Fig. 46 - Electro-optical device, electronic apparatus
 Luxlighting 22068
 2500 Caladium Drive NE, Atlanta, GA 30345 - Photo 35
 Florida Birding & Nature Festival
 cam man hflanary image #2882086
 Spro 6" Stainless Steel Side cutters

---

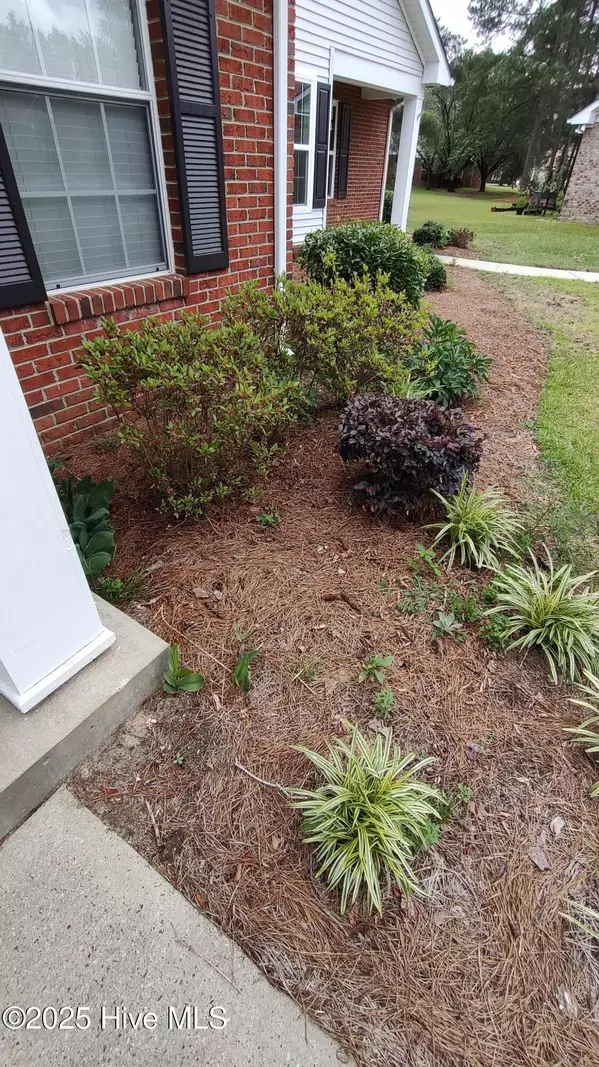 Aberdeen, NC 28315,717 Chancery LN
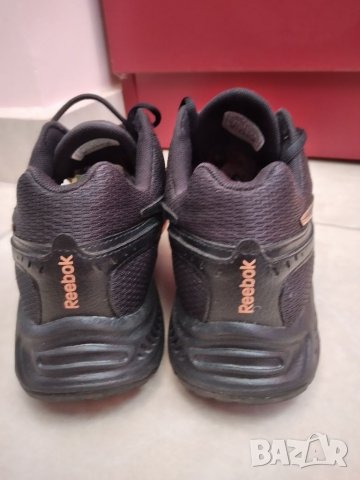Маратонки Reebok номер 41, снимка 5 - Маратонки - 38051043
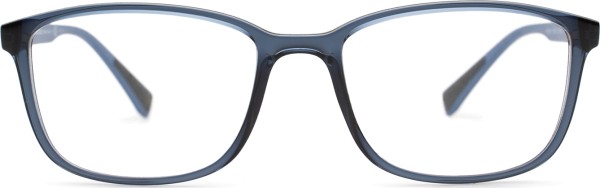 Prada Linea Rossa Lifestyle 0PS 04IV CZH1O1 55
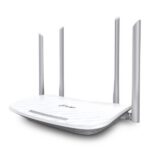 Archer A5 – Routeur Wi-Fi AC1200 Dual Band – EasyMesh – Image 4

Goal of the exercise
Copy out, word for word, the part of the entries above that begins at the line with "2500 Caladium Drive" and ends at the line with "Steel Side cutters", including both.

Reply to the exercise
 2500 Caladium Drive NE, Atlanta, GA 30345 - Photo 35
 Florida Birding & Nature Festival
 cam man hflanary image #2882086
 Spro 6" Stainless Steel Side cutters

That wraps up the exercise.